You can read a fairly scathing (and scathingly fair) review of the book here. The bit about toe tapping was in the chapter on homosexuals, where Dr. Reuben recounts the story of someone he interviewed who liked to go into the stalls at the local bowling alley, tap his toes a few time and then give and/or receive head.

I don't recall too much of the book, but I do recall that Dr. Reuben was very firm in his insistence that most of what people called perversion was really just an alternate expression of sexuality and should be greeted with great tolerance. Not homosexuality, though. The gays were just a sick little mini-minority who all acted the same way and needed to be cured. (Read the "Homophobophilia" section of the review.) Even as an eleven (I'm guessing) year-old boy, I found his stance hypocritical and mean. Thinking back on it now, I find it telling that he thought his bowling alley man was representative of the homosexual lifestyle. Because, really, after show tunes, if there's anything you associate with ass piracy, it's bowling, right?

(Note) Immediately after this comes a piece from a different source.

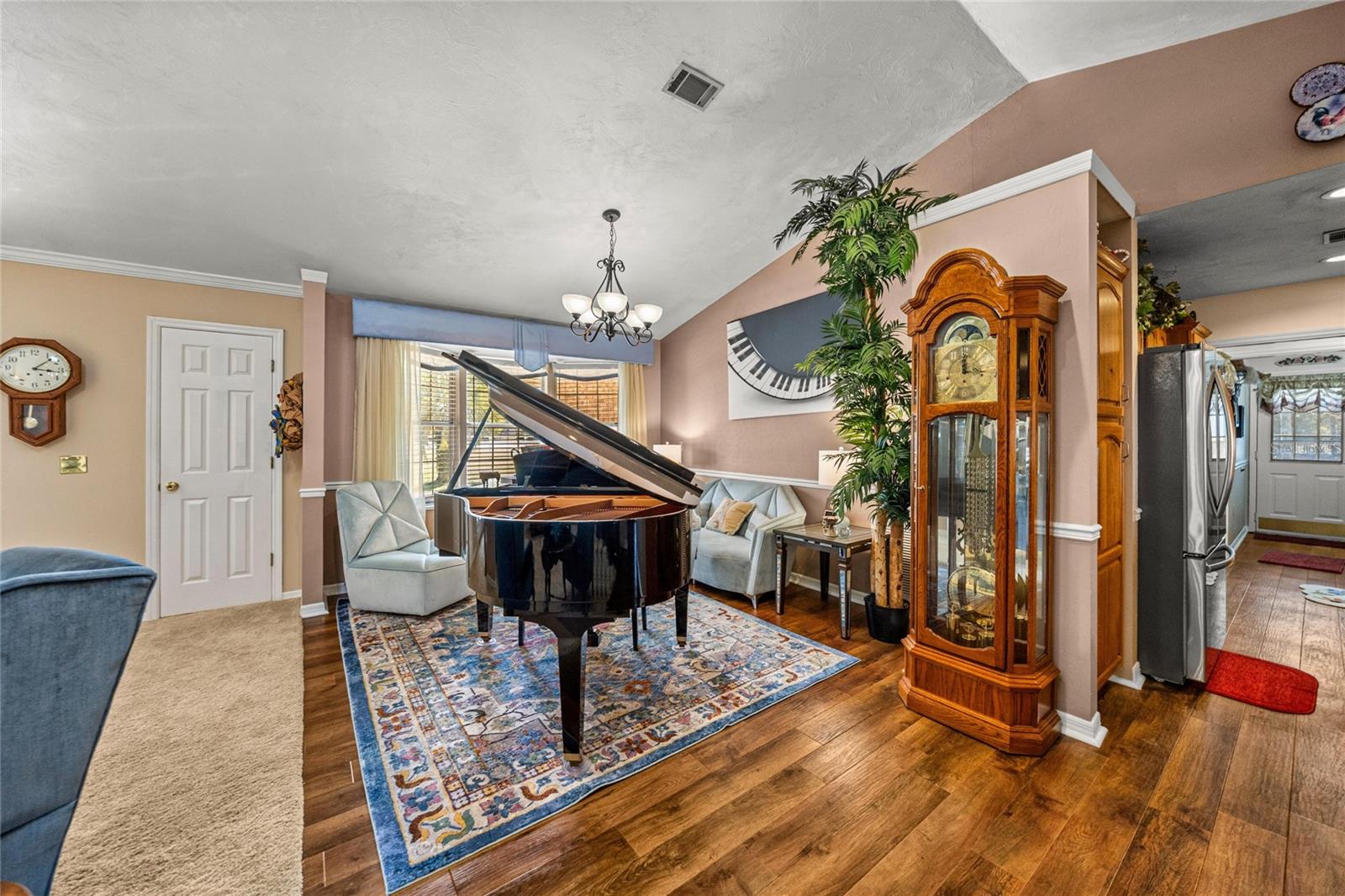 NON SUB - Residential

Anyway, the book has, deservedly, been swallowed up in the composted manure of time, but it did inspire (the title of) a Woody Allen movie that is well worth adding to your Netflix queue. And, don't worry. If you don't understand any of what's going on in the film, drop me an e-mail, and I'll explain it to you.

5 comments:

Anonymous said...

For some reason I've always known about the toe tapping signal as well, but unsure of where I learned of this. For the longest time I've tapped my toes when I'm pissing next to my husband in a public place just to for fun, but I'll be stopping that behavior now that word is out of the homosignal.

The only time I ever remember toe tapping happing in a bathroom around a stall was when my then boyfriend was tapping his toes outside of the stall because I was getting plowed by someone else inside of the stall.

Will said...

The David Reuben book was shockingly mean and bigoted even for it's publication date relatively early n the sexual revolution. I had already discovered a couple of books that dealt far more rationally and understandingly with gay life and the reality of gay sexual practices. I was deeply affronted by his tone and inaccuracies. Later editions of the book by different authors toed a very different line, fortunately. And finally we got Joy of Gay Sex with lots of very hot and positive drawings of men ENJOYING a wide variety of homosex activities and each other's bodies. I remember it fondly.

The Woody Allen movie is a bit variable but at its best (as in the final segment) it's vintage Woody at the top of his game.

I never tapped or got tapped in a bathrom stall but I do remember as a teenager catching on to being observed by a much older man who had his eye up against the partition between stalls. What he was doing was looking through the fairly wide opening between the panel that ran between the two stalls and the panel--which was bright stainless steel--that supported the doors, and acted like a mirror.

He could see me pretty clearly, I'm sure, because when I looked up for an instant. the effect worked in reverse (which he should have realized) and saw this big eye and nose reflected in the steel. It was a bit creepy--I was probably fourteen and it was a far more innocent age for a fourteen year old at the time.

TED said...

Mike,

I assume that your boyfriend was tapping his toes because he was waiting his turn. Allowing guests to go first is an element of washroom etiquette that is too seldom observed, and I'm pleased to see that you and your boyfriend were so polite.

Paul said...

At my first real job, there would be a break each morning where everyone would go to the local coffee shop and chat for awhile. Our "big boss" called it a staff meeting.

It was here that I heard a coworker -- a man that was that about sixty -- say that we were having a problem with "toe-tappers" in the basement men's room. I'd never heard of the concept.

That afternoon I went to check it out. Damn if he wasn't right.

TED said...

What is it they say, Paul? If you're not a part of the solution, you're a part of the problem.